Winning Isn’t Everything And Other Stupid Sayings

Published by Zolligirl on April 29th, 2012 - in Family Life

Saturday, MoonPie had a tennis match, the last of the regular season. Her team was in 3rd place, and with a decent showing, they’d be in 2nd by the end of the day. Why is this significant? The top 2 teams of each division go to the playoffs. As we drove to the match, I asked Moon, “What’s the most important thing to remember today?” And she said:

“TO HAVE FUN”.

I blame the church. As you can imagine, I was thrown for a loop! Then I thought, perhaps she means, “To have fun which you can only do by winning because losing sucks.”

Unfortunately, nope, she meant it as “the most important thing is to have fun.”. And then she went on to lose.
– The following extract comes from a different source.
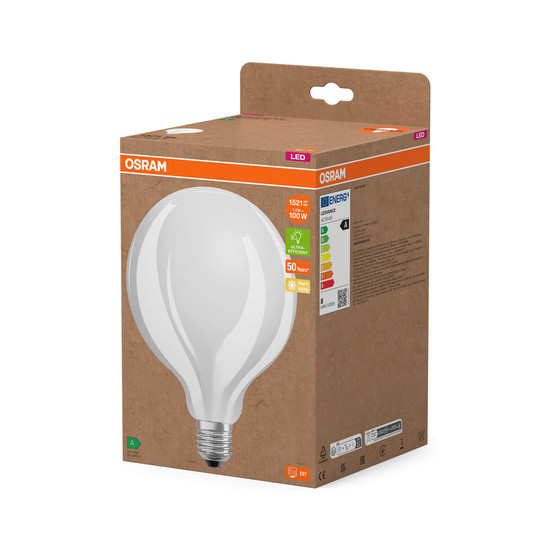 OSRAM LED Lampe LAMPS ENERGY CLASS A höchste Energieeffizienzklasse A Filament CLASSIC Globe 7.2W 827 Frosted E27 Warmweiss 4058075839649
The worst part – she did not care at all. Not. One. Bit.

ARGGGH. Do you know how frustrating it is to watch someone stand on a tennis court and daydream?  Or leave the court with a shrug, like losing is just as fun as winning? Or not obsess over all of the missed serves and the what-could-have-beens?

This attitude does not bode well for her future as a bridge player.

My mom will comment that I was the same way. That I was the girl in the outfield twirling my hair and wondering if the heat was making the 40 pounds of hairspray in my hair melt. It’s true. I wasn’t competitive until my twenties. What happened? I started playing tennis at the country club was your worth was judged my how well you played. So I took lessons and practiced and played about 5 matches a week until I became one of the better, of the average, players. Winning = Worth.

The good news is that her team somehow managed to win enough games so she’ll have another chance to redeem herself in the next two weeks. The bad news is that that is not long enough to teach her that her self-worth comes from performance. Country Club applications don’t get approved overnight.